Общее сравнение переводов заставляет задуматься над следующим вопросом: может быть, у каждого из переводчиков есть своя, скрытая концепция стихотворения, нашему пониманию недоступная? Если это так, то трактовка образа Мерани, как коня поэтического воображения, имеет отношение только к переводу Пастернака, и нам остается дожидаться того счастливого часа, когда кто-нибудь объяснит нам, что же имели в виду при переводе «Мерани» остальные переводчики. Но если все-таки пастернаковская концепция верна, а другой не существует, остается предположить, что остальные переводчики в стихотворении не разобрались; по этой причине и подстрочный перевод оказался непреодоленным, непонятым, и стихотворение переводилось формально, построчно.
Да, «односложный» ответ на вопрос: «О чем идет речь в «Мерани» и в чем его основная идея?» действительно дать невозможно, а ответ – можно. Но для этого не надо смотреть на это стихотворение, как на египетскую пирамиду, находясь у ее подножия, – тем более что со дня его создания прошло всего лишь 150 лет, и мы можем спокойно соразмерять масштабы написанного и воспринимающих. Надо лишь с доверием относиться к гению, полагая, что его поэтическая интуиция в конечном счете безошибочна.
Проведенный анализ ставит и другие вопросы: что нам дало такое количество переводов «Мерани»? что сегодня требуется от переводчиков этого стихотворения Бараташвили?
Сравнение переводов, выполненных традиционными размерами, свидетельствует о том, что перевод Пастернака и сегодня жив и непревзойден и что все выполненные вслед за ним переводы проигрывают ему либо из-за неестественности языка (книжно-манерная стилизация перевода Ахмадулиной, архаическая стилизация перевода Лугового), либо из-за явного снижения масштаба стихотворения (в переводах Антокольского, Винокурова, Смелякова), – не говоря уж о большом количестве огрехов практически во всех переводах.

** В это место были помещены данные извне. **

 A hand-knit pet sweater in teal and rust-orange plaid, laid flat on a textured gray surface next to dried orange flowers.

Можно понять переводчиков, которые не рискнули соревноваться с Пастернаком и попытались передать ритмику стихотворения Бараташвили, но Евтушенко, Казакова и Ряшенцев пошли по ложному пути, дважды прорифмовав все стихотворение; этого не требовал и подлинник. Достаточно было бы подрифмовывать только там, где это не шло в ущерб смыслу и грамматике; кстати сказать, Бараташвили не случайно, стремясь к максимальной свободе поэтической речи, почти не использовал внутреннюю рифмовку в этом стихотворении, несмотря на большую длину строки.

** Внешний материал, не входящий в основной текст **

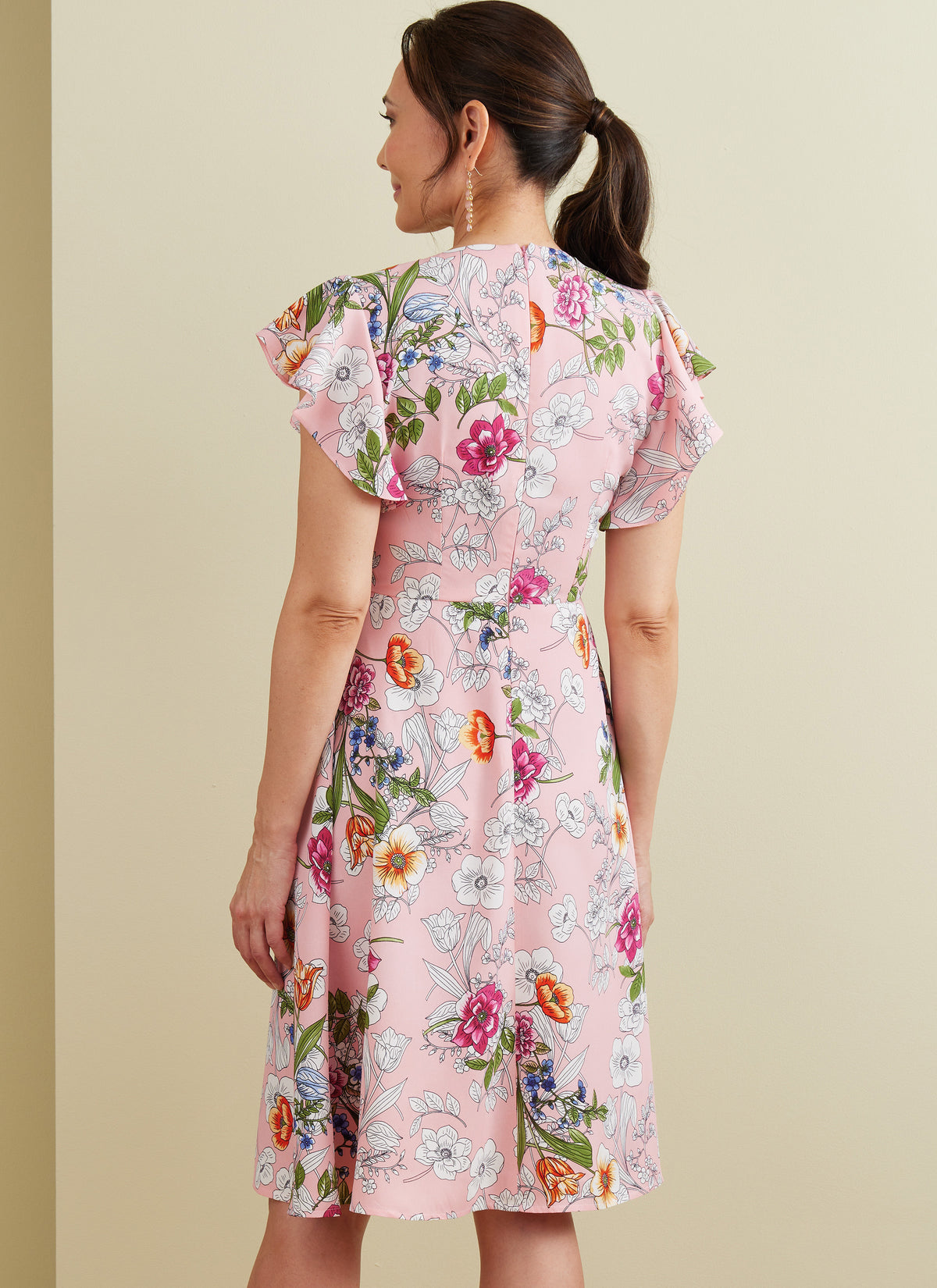 Butterick B6893 sewing pattern envelope showing misses' v-neck dress and jumpsuit designs
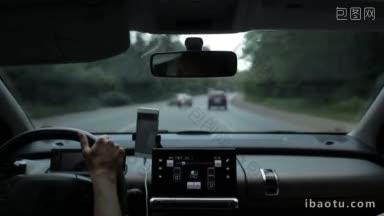 一名女子在繁忙的<strong>高速公路</strong>上开车，从车辆内部看，模糊的绿色森林和背景交通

Эта задача пока не решена. Перевода, воссоздающего эмоциональное напряжение стихотворения Бараташвили и его поэтическую концепцию, выполненного в размере, близком к размеру подлинника, и способного сосуществовать с переводом Пастернака, пока никому сделать не удалось. Если эта статья поможет кому-нибудь эту задачу решить, цель ее будет достигнута.
НИКОЛОЗ БАРАТАШВИЛИ
МЕРАНИ
Без дорог летит, мчит меня вперед мой Мерани,
Мне зловеще каркает ворон вслед. – Мчись быстрей
Из границ судьбы и за той неведомой гранью,
Мой Мерани, мрачные мысли скачкой развей!
Рассекай поток, встречный ветер рви, пролетай над скалой и бездною,
Не щади усталого всадника – не сворачивай с полпути,
И ни в град, ни в зной ты, крылатый мой, не ищи для меня убежища,
Мчись вперед, лети, и года скитаний в единый миг обрати!
Пусть навек покинуть отчизну мне, пусть лишиться друзей и сверстников,
Не увидеть больше родных, любимую, голос ее забыть!
Где застанет ночь, там и будет кров – станет кровлею высь небесная,
Только верным спутникам – вечным звездам – мне душу свою открыть!
Всю любовь и боль, как в морской прибой, мой Мерани,
Кинуть в твой полет вдохновенно-дерзкий! – Смелей
Мчись, Мерани мой, и за той неведомой гранью
Мои мысли мрачные вихрем скачки развей!
Пусть мне в землю лечь суждено не там, где все предки мои схоронены,
Не оплачет милая смерть мою, не омоет слезами труп!
Где могиле той в чистом поле быть, ворон место найдет укромное,
С похоронным воем ветра зароют останки, позаметут!
Вместо женских слез дождь небесных рос – на могилу ту беспризорную,
Вместо плача близких надрывный крик – коршун будет над ней кружить!